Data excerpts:

☆ ☆ ☆ ☆ ☆

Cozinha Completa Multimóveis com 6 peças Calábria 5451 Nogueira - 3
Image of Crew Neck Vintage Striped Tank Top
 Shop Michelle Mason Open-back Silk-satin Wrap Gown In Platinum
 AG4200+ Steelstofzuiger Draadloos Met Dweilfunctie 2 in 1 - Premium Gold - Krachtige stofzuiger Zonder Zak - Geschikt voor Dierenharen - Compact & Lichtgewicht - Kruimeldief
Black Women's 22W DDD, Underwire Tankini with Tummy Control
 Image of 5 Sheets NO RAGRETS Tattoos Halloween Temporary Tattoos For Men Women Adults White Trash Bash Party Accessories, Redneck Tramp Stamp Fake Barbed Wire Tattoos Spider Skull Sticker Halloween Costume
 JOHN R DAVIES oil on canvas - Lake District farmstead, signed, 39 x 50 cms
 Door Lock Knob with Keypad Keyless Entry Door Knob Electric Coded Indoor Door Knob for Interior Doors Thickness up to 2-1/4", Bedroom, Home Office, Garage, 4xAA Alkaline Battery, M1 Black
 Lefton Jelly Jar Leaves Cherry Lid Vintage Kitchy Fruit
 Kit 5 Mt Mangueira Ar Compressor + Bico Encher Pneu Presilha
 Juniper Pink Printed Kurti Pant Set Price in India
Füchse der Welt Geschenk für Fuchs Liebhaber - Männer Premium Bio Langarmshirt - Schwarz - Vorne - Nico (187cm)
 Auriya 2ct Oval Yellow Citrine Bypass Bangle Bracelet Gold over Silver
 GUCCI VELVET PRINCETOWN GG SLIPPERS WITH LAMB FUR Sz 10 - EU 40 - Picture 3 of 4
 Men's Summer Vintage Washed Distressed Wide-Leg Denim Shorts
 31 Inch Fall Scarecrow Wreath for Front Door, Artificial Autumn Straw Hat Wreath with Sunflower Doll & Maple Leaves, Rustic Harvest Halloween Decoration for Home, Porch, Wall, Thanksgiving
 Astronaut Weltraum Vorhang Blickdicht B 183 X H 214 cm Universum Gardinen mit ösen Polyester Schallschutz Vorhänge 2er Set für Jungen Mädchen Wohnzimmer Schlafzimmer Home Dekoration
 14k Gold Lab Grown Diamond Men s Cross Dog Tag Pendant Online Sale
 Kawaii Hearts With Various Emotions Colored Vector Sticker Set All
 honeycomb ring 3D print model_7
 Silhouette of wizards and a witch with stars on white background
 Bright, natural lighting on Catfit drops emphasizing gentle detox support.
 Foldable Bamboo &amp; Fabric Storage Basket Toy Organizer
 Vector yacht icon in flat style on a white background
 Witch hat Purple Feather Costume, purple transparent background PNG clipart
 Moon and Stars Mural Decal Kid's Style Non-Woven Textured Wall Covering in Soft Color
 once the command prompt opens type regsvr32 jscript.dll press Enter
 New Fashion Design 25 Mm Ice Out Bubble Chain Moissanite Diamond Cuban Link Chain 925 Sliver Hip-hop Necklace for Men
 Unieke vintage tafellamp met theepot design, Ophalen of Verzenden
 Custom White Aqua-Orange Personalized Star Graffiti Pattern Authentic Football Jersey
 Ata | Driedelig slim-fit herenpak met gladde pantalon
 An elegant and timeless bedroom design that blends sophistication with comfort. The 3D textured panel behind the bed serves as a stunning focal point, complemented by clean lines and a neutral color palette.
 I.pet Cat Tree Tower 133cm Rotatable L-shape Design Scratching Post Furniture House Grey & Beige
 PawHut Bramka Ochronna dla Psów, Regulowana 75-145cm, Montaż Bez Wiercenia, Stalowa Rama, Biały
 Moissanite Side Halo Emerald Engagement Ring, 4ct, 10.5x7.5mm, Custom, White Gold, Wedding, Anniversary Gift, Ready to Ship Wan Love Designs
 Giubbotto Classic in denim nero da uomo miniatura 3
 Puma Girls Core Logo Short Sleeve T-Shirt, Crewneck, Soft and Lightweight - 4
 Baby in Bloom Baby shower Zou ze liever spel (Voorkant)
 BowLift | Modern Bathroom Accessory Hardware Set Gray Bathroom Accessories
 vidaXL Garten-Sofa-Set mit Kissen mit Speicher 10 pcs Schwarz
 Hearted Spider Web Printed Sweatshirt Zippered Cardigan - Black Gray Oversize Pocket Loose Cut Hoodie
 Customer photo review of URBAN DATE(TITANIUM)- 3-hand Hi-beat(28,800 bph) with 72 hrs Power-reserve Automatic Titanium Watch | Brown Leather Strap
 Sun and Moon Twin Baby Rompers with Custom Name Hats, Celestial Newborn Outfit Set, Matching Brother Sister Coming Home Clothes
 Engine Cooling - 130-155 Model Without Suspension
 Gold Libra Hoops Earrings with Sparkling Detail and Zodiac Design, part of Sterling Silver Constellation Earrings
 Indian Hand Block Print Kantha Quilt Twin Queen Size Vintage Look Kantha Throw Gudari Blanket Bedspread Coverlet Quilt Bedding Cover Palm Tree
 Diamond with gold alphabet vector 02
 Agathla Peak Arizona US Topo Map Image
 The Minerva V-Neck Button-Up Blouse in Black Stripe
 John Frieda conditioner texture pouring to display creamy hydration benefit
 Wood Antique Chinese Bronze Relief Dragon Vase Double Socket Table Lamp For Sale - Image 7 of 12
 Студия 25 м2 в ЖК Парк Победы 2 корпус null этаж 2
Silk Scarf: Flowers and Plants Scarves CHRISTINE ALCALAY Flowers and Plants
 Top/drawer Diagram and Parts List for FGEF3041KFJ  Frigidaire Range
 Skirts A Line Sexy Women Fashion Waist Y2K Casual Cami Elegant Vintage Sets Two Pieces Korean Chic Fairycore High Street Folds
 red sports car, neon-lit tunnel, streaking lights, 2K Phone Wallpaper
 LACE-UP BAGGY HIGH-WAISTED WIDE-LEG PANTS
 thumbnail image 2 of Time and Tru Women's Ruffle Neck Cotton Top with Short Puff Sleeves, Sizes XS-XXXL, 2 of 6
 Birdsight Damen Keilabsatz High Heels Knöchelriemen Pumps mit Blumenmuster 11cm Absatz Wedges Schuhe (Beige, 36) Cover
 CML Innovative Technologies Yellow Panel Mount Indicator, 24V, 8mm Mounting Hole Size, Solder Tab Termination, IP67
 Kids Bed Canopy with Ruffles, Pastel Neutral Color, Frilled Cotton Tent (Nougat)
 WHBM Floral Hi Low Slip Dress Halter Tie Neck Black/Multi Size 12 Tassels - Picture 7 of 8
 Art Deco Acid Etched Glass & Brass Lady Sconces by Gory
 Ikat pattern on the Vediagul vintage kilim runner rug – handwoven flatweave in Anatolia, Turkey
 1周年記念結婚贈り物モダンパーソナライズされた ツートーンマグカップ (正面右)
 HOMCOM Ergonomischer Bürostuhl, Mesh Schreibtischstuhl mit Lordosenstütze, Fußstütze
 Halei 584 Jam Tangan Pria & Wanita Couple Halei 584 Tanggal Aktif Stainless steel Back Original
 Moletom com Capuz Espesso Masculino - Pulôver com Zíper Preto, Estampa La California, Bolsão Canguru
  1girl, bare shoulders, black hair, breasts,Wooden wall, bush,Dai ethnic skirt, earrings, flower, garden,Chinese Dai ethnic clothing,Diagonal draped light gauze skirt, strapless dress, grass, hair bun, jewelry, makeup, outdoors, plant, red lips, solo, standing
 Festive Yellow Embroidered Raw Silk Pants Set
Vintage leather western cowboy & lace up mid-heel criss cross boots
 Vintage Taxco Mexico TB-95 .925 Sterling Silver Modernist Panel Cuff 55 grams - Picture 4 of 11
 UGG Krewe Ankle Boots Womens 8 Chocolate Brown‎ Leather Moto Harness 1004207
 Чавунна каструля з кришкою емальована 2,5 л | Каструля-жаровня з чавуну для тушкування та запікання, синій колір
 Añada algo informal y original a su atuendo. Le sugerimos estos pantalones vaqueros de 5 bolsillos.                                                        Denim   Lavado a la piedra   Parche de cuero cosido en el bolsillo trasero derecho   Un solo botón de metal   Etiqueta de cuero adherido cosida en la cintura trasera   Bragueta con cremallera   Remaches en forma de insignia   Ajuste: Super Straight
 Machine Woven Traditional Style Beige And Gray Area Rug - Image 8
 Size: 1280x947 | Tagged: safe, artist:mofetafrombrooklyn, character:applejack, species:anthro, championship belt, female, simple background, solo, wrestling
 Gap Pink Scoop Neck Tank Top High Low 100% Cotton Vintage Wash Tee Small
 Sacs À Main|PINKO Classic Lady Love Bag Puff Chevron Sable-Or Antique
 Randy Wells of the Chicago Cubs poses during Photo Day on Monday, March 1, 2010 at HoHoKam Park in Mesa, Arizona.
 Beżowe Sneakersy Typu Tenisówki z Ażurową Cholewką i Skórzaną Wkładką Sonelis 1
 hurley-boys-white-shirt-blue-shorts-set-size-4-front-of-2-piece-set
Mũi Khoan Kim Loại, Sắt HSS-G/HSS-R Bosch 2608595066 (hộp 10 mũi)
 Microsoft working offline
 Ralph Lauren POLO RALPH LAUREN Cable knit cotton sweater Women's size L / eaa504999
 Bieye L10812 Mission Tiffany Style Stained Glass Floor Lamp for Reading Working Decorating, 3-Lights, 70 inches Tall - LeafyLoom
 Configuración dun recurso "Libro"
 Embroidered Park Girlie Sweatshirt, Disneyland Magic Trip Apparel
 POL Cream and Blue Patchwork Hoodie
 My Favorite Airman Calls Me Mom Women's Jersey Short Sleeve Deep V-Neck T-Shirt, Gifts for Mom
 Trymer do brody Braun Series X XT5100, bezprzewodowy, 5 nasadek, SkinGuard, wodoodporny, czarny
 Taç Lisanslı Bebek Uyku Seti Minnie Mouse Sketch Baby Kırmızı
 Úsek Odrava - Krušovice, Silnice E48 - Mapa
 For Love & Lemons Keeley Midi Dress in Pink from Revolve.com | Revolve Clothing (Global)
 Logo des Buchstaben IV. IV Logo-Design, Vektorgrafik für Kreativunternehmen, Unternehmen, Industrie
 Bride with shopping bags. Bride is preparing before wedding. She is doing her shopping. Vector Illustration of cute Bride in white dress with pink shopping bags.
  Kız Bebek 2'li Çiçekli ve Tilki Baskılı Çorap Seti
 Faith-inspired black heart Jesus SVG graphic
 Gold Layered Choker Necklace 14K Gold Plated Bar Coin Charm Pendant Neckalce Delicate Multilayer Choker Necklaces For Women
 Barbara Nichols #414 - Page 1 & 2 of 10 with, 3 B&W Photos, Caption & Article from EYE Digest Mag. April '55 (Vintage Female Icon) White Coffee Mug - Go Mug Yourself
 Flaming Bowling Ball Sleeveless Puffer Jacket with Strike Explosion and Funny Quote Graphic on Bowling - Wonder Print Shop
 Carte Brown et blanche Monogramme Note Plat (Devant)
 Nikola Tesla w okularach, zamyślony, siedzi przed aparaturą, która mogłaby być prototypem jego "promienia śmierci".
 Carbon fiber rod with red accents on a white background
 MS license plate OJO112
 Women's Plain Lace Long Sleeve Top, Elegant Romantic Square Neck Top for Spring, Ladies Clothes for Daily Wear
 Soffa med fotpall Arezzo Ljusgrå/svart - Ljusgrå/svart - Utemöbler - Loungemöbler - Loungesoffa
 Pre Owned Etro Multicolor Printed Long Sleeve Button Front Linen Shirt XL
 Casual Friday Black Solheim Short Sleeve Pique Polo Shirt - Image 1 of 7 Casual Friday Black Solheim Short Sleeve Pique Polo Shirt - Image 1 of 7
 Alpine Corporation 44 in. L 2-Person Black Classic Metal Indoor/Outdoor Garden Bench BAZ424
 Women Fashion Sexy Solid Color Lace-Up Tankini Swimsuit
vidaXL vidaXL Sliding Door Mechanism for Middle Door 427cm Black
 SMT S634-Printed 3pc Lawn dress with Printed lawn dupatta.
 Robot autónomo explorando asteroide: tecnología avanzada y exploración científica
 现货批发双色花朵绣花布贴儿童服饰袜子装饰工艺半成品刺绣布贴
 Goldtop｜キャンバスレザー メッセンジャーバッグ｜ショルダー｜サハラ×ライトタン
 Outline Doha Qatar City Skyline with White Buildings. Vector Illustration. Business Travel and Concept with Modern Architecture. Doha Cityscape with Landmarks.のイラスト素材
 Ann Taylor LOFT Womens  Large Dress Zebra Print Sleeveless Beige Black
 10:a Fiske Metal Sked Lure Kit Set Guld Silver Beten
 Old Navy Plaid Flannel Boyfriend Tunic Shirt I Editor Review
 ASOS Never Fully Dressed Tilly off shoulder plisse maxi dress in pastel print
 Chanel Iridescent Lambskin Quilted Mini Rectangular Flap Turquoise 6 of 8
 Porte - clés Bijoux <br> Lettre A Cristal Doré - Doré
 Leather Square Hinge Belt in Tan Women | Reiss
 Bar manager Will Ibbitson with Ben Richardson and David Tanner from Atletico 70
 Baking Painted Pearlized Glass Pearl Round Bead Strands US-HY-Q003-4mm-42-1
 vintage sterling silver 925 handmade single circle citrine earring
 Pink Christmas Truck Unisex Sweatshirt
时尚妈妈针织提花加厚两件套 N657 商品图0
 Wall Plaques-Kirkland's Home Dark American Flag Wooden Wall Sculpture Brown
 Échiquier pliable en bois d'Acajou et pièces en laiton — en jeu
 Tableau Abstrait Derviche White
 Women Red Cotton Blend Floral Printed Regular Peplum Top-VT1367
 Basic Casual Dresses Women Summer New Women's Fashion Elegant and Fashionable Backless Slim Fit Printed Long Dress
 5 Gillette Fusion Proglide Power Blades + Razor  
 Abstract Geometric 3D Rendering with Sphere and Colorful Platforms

☆ ☆ ☆ ☆ ☆

- _What needs to be done_: Show all lines from the records above where the word "Wooden" occurs.

- _Answer to this task_:
  1girl, bare shoulders, black hair, breasts,Wooden wall, bush,Dai ethnic skirt, earrings, flower, garden,Chinese Dai ethnic clothing,Diagonal draped light gauze skirt, strapless dress, grass, hair bun, jewelry, makeup, outdoors, plant, red lips, solo, standing
 Wall Plaques-Kirkland's Home Dark American Flag Wooden Wall Sculpture Brown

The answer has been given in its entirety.